Les symptômes de la candidose œsophagienne
Les symptômes les plus fréquemment observés chez les patients qui souffrent d’une candidose œsophagienne sont une odynophagie (douleur au moment de la déglutition), qui peut être associée à une dysphagie (difficulté à avaler).
Les personnes atteintes de candidose œsophagienne peuvent également ressentir des douleurs rétro-sternales (sensation de brûlure, aussi appelée pyrosis) ou des douleurs abdominales.
D’autres symptômes associés peuvent être des nausées, des vomissements, une perte d’appétit et une perte de poids.
Parmi les complications plus rares, on peut citer la possibilité d’observer des ulcérations ou perforations œsophagiennes, ou encore des saignements digestifs hauts.
Si la candidose œsophagienne est associée à une candidose buccale, on peut enfin observer chez les patients des plaques blanchâtres dans la bouche ou la gorge.
Diagnostic de la candidose œsophagienne
La simple détection de Candida dans les prélèvements (salive ou selles) n’est pas suffisante pour diagnostiquer une infection, car Candida fait partie de la flore normale de l’appareil digestif.
L’utilisation de l’endoscopie digestive haute permet de visualiser directement des plaques blanches adhérentes sur la muqueuse œsophagienne, parfois accompagnées d’ulcération. On distingue 4 degrés d’atteinte œsophagienne (figure 1) :
- Grade 1 : présence de quelques plaques blanchâtres de moins de 2 mm, sans ulcération ;
- Grade 2 : multiples plaques blanchâtres de plus de 2 mm, sans ulcération ;
- Grade 3 : ulcérations confluentes ;
- Grade 4 : grade 3 avec sténose de la lumière œsophagienne (rétrécissement de l’œsophage).

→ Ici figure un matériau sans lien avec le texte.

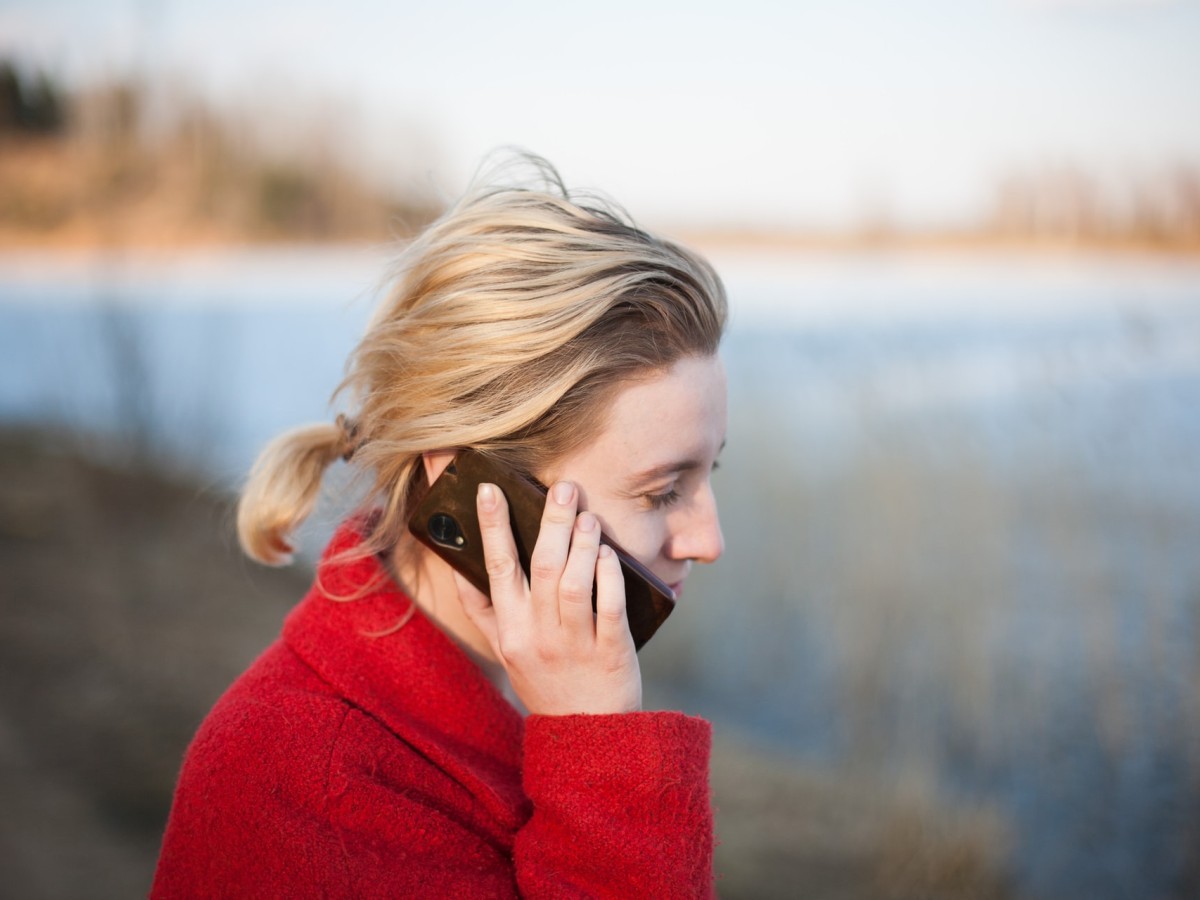 Woman on phone outdoors, by a lake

Ces stades permettent d’évaluer la sévérité de la candidose œsophagienne et d’adapter les stratégies thérapeutiques.
Le diagnostic endoscopique doit être confirmé soit par un examen cytologique par brossage, soit par une biopsie qui montre une invasion de la muqueuse.
Enfin, dans certains cas complexes ou avancés, des examens utilisant l’imagerie radiologique peuvent être effectués.

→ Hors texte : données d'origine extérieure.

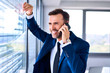 © baranq - Happy successful businessman in office talking on the phone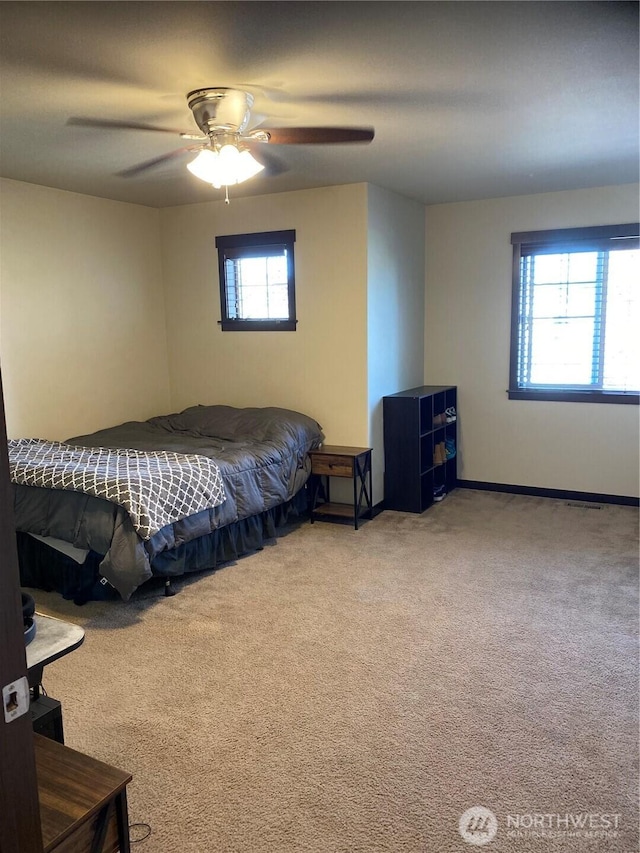 bedroom featuring ceiling fan and carpet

Soigner et traiter la candidose œsophagienne
La candidose œsophagienne répond généralement bien au traitement antifongique. Contrairement à la candidose oropharyngée, le traitement de l’infection est généralement systémique plutôt que topique. Le médicament le plus couramment utilisé est le fluconazole, administré par voie orale à des doses de 200-400 mg une fois par jour, pour une durée de 14 à 21 jours. En cas de grossesse, l’amphotéricine B peut être utilisée, car les antifongiques de type triazole sont contre-indiqués.
En plus du traitement antifongique, il est également essentiel d’améliorer l’état de santé général du patient, en traitant les maladies sous-jacentes, en réduisant si possible l’utilisation des antibiotiques à large spectre et des immunosuppresseurs, ou encore en améliorant l’alimentation. L’utilisation combinée de régulateurs de la flore intestinale et de médicaments protecteurs de la muqueuse intestinale peut améliorer l’efficacité du traitement. À noter que la vitamine B peut aider à renforcer localement la résistance des tissus et inhiber la croissance de Candida.
Concernant la prévention de la maladie, elle repose avant tout sur l’identification des facteurs de risque et sur une gestion optimisée de ces derniers.